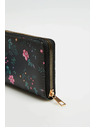 Moodo Fekete mintás pénztárca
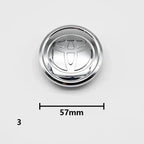4pcs 57mm/62mm Car Tyre Wheel Center Hub Cap Badge Logo Rim Emblem For Toyota Corolla Camry Yaris CHR Rav4 Auris Verso Avalon
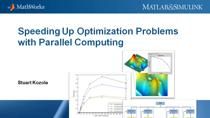 In this webinar, we will use two case studies to demonstrate how you can use parallel computing to speed up single-level and multilevel optimization problems in MATLAB.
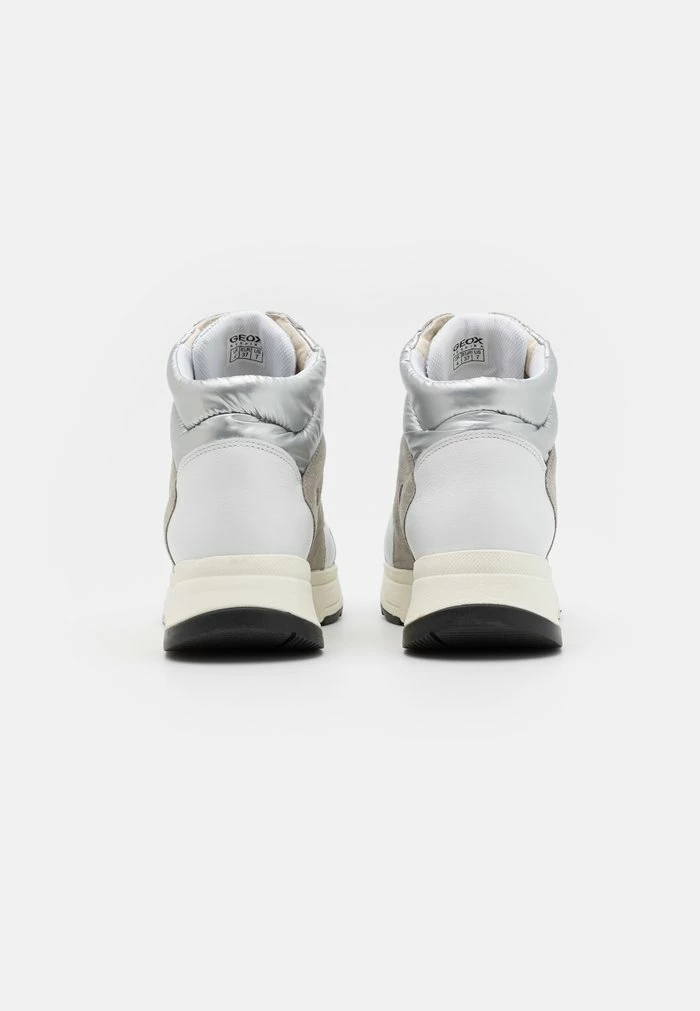 Geox FALENA ABX - Bottines à Lacets - White/silver 4 Geox FALENA ABX - Bottines à Lacets - White/silver – Image 4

+---+

Please output the full listing above exactly, minus any pictures.

 Moodo Fekete mintás pénztárca
4pcs 57mm/62mm Car Tyre Wheel Center Hub Cap Badge Logo Rim Emblem For Toyota Corolla Camry Yaris CHR Rav4 Auris Verso Avalon
 In this webinar, we will use two case studies to demonstrate how you can use parallel computing to speed up single-level and multilevel optimization problems in MATLAB.
 Geox FALENA ABX - Bottines à Lacets - White/silver 4 Geox FALENA ABX - Bottines à Lacets - White/silver – Image 4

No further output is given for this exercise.